Clearly that's a take off on Huygens' position, Centrifugal force and in the Principia he just acknowledges that. He just flat says he's taking it from Huygens' Centrifugal force. Which he did not know, Huygens meant by that that tension in the string. So, his Centripetal force is the pull on the object that goes by the third law of motion, the tension in the string.
Okay, definition two, and the force of that is innate in force of a body that is innate. The word's cincita, there is a perfectly good Latin word innate, but I'm accepting the ((Herrivel)) translation here. A body I call that,incita means, I guess insipid? No, it's not insipid in, but intrinsic to.
A body I call that by which it endeavors to persist in its motion following a straight line. And definition three, while resistance is that which is the property of a regularly impeding medium. Hypothesis one, in the ensuing nine propositions, the resistance is nil, thereafter it's proportional jointly to the speed of the body and the density of the medium.
That was not the original hypothesis one, it's scratched out. The scratched out version reads, in the following propositions, nothing is acting on the body except the centripetal forces. That gives Tom White's side grounds for saying the last two propositions were added as an after thought, because Newton went back and replaced the original hypothesis one with that.
Hypothesis two. Every body by its innate force alone proceeds uniformly into infinity following a straight line unless it is impeded by something from without. Notice no mention of force there? In fact, the first place the word force is used in conjunction with inertia, is publicly as in the Principia.
Hypothesis three, a body is carried in a given time by a combination of forces to the place where it is borrowed by the separate forces acting successively in equal times. All that means is the two forces act at the same time, you end up at the same point as if one force acts followed by the other and he treats that again as impulse.
He goes back and forth throughout this between impulse forces and continuous forces. And finally hypothesis four which you'll see in a moment is on the margin. He had to find rate space to put it in. The space which a body urged by any centripetal force describes at the very beginning of it's motion he's in the doubled ratio at the time.
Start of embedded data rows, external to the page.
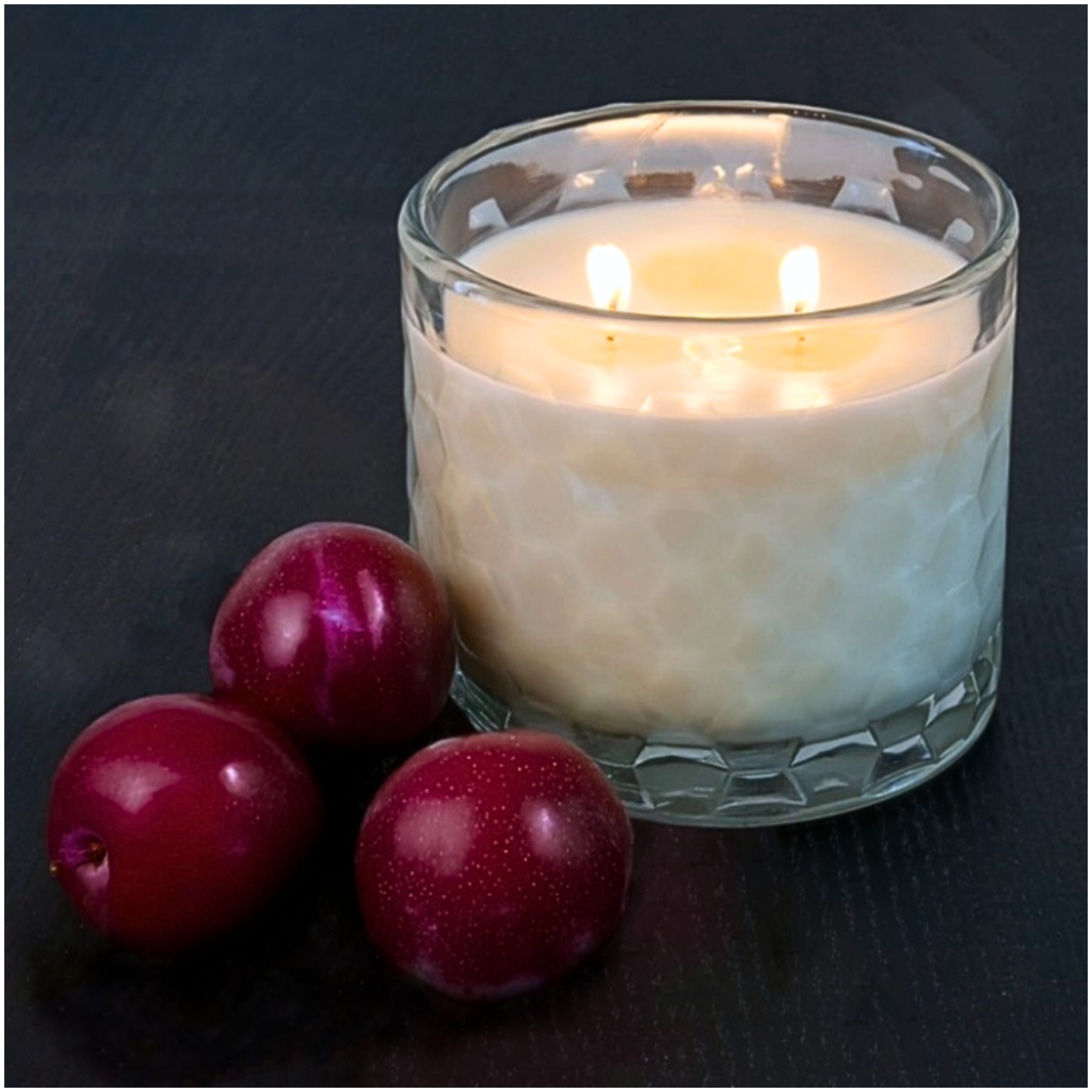 Candle in a glass jar with three plums on a dark surface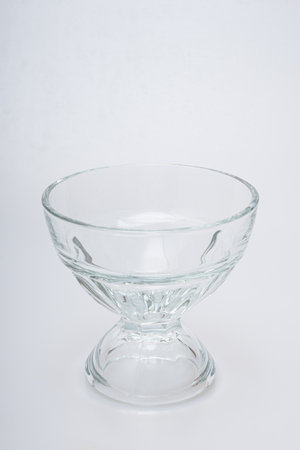 Glasses of various shapes on a white backgroundの写真素材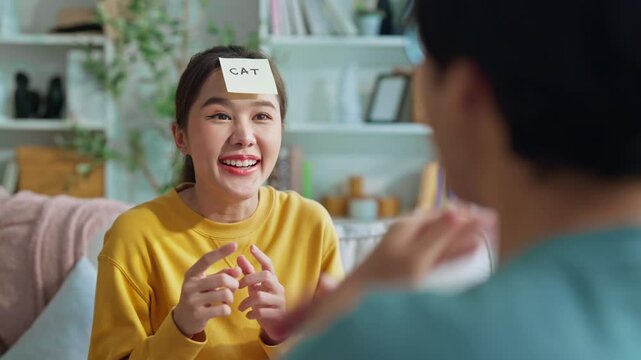 happiness fun and cheerful moment husband and wife playing paper quiz fun game together at home funny hobby sunday morning game positive good vibes positive relation concept at home lifestyle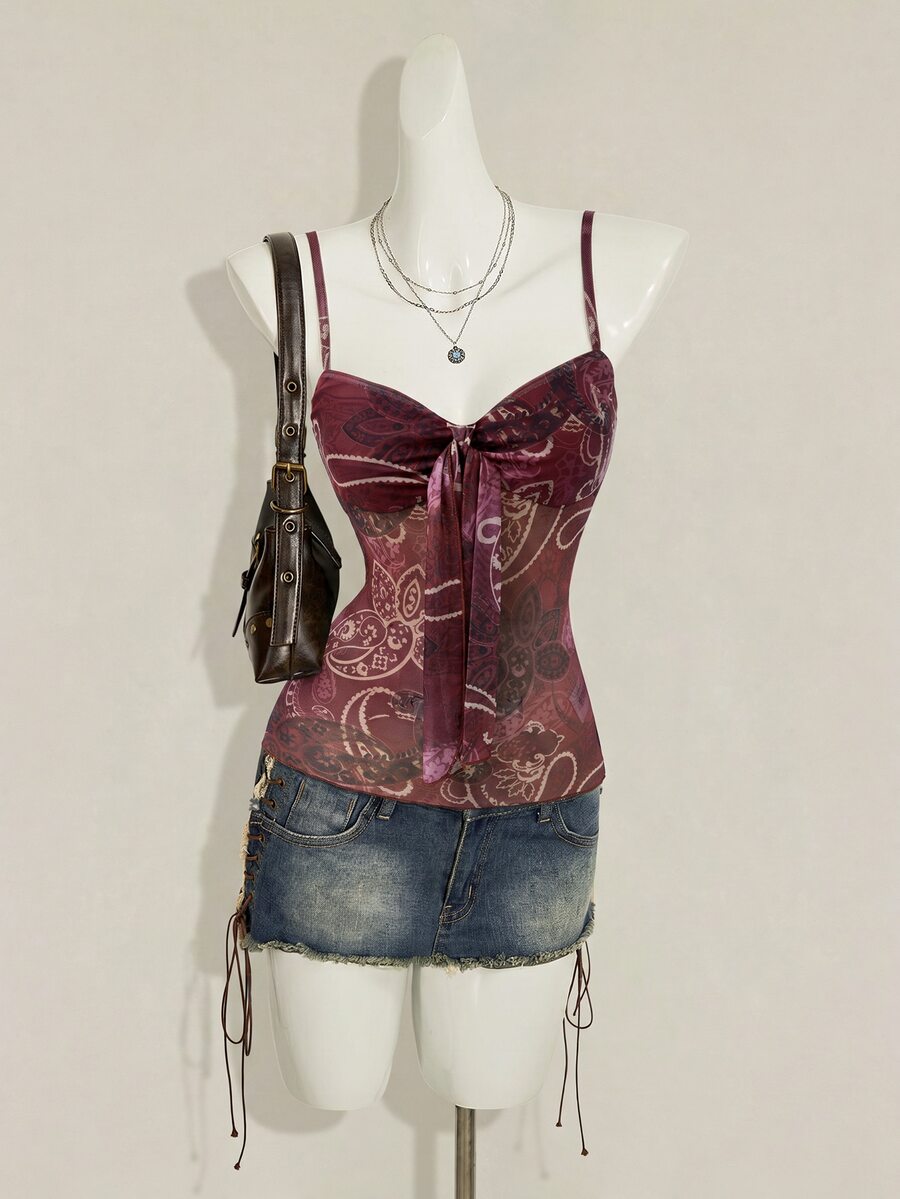 Burgundy paisley print ruched cami top for women featuring thin spaghetti straps, asymmetrical lace-up detail, and a slim fit.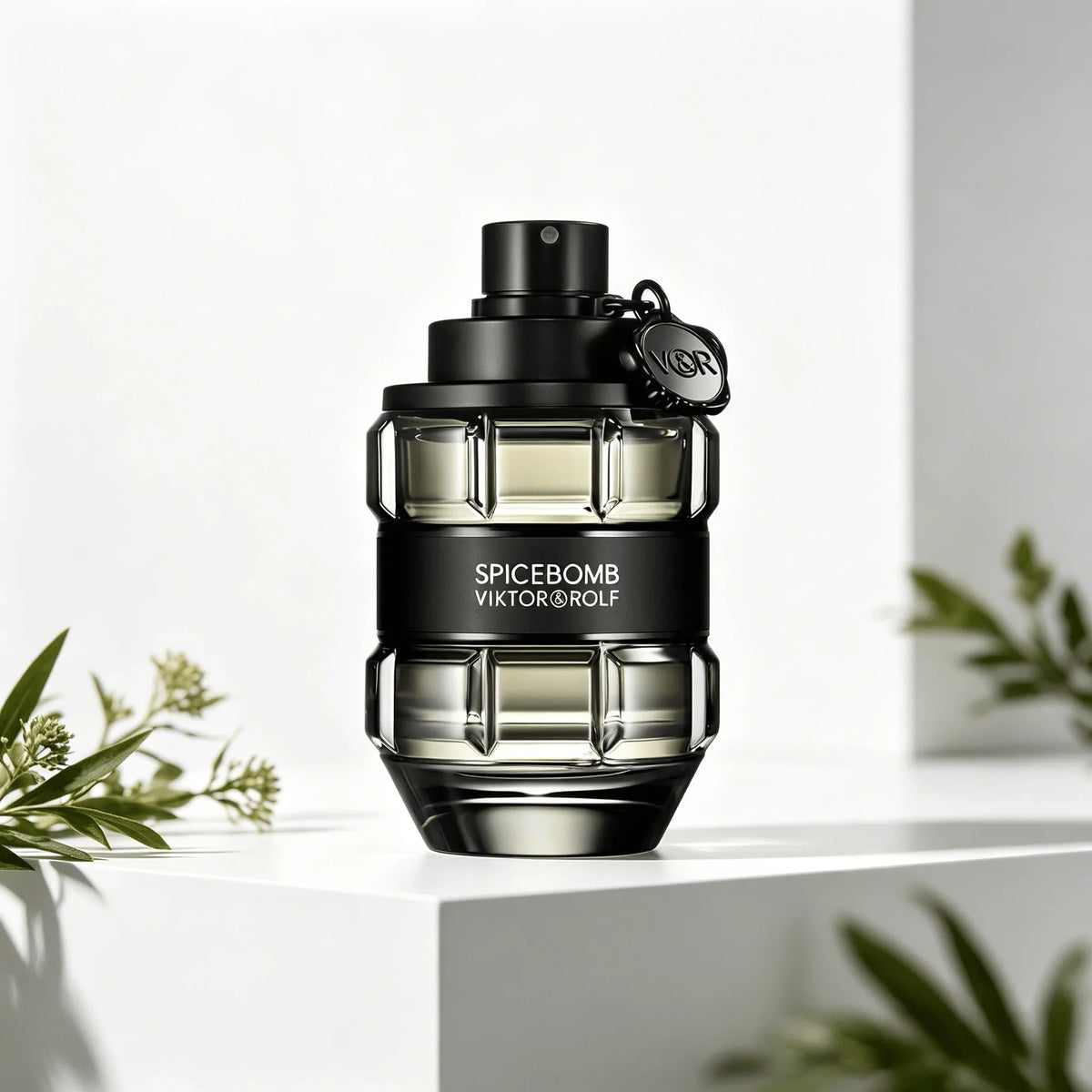 A glass perfume bottle shaped like a grenade, in a transparent black finish with a black band, on a white pedestal with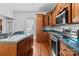Kitchen with wood cabinets, teal countertops, and stainless steel appliances at 405 7Th St, Spencer, NC 28159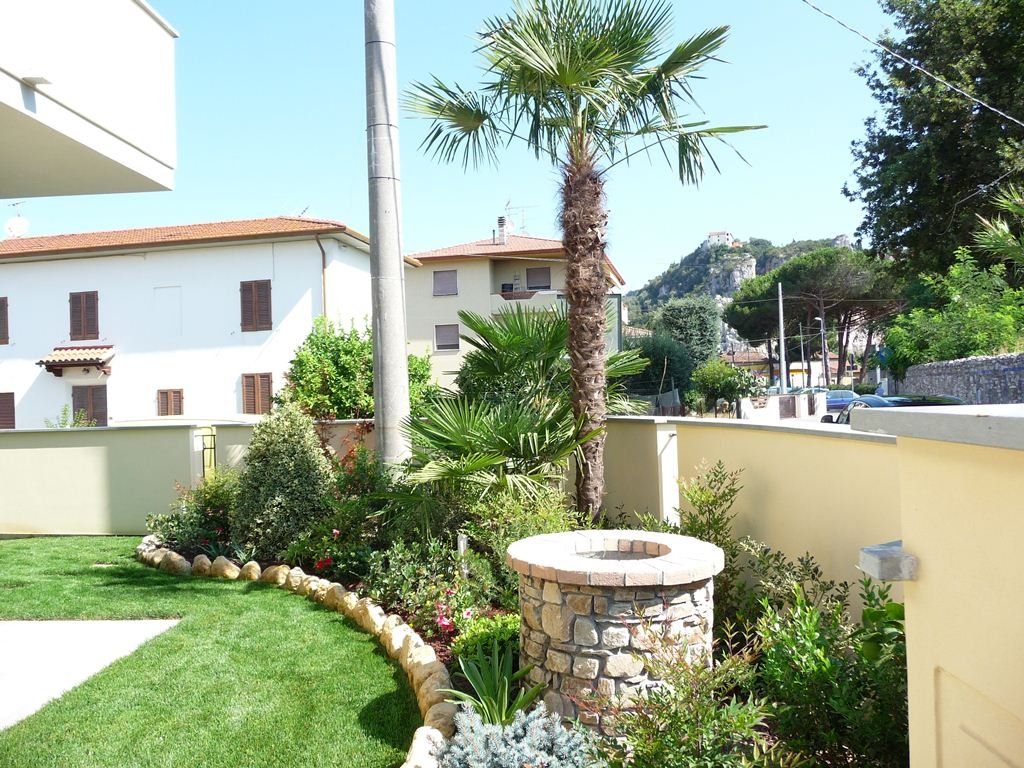 pozzo in muratura in giardino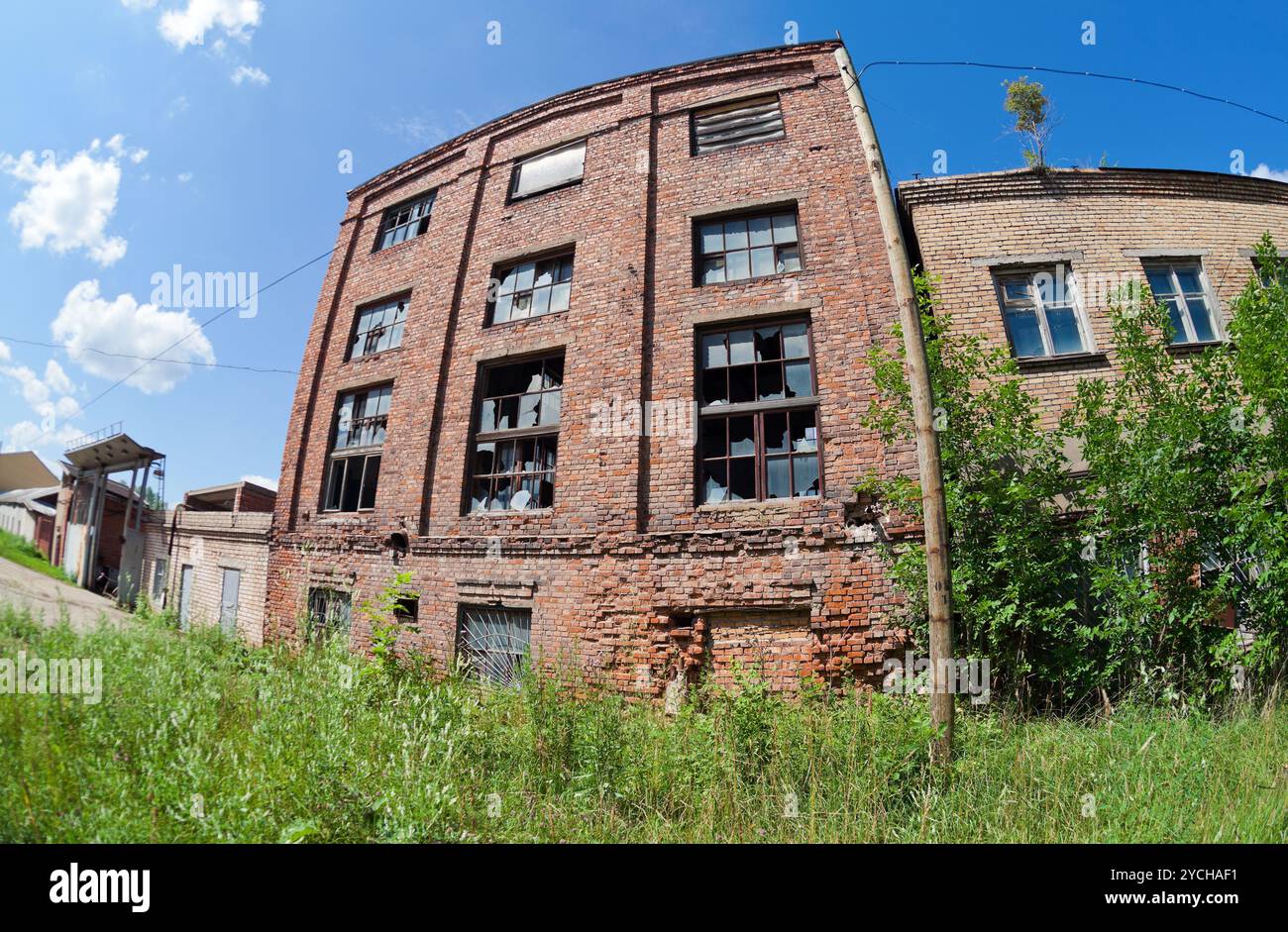 Old abandoned building against blue sky in summer day Stock Photo - Alamy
And the key phrase there is, describes at the very beginning of its motion. It's interesting to compare these to the three hypotheses of Horologium. Two gives you the parallelogram rule, and three says the two are independent but they're talking about motions, not forces or uses. The first is, of course, a version of inertia for purposes for clock.
So, it's even possible that Newton's three, that he started with, were meant to parallel the three from Horologium Oscillatorium. Then he noticed he needed the distance in the very beginning of the motion as proportional to the square of the time, which Huygens seems to think he's proven in the proposition one.
But the proof is a question begging proof, so it could well be that there's a play on Horologion here. There's certainly, this whole thing is written in very much the style of Huygens' Horologion, as I'll comment later, all right. These are the original figures, this is material from a paper of mine that I'll put on supplementary material next week that Curtis Wilson put together for me.
I was an invited lecturer at St. John's and then Curtis put it into a paper cuz I didn't have time, but I used the original figures throughout, because I think they're Newton's own drawn figures are much more interesting than what shows up in the long run. So theorem one we've already seen, all orbiting bodies described by radii drawn to the center area's proportional to the times.
And what I emphasize there that may not be apparent to you because you're not accustomed to doing geometrical mathematics instead of symbolic mathematics. You've got to have ways of representing force and time geometrically, and force is gonna be represented by a displacement on time square, and times gonna be represented here by area, but it's always the problem when you do things geometrically.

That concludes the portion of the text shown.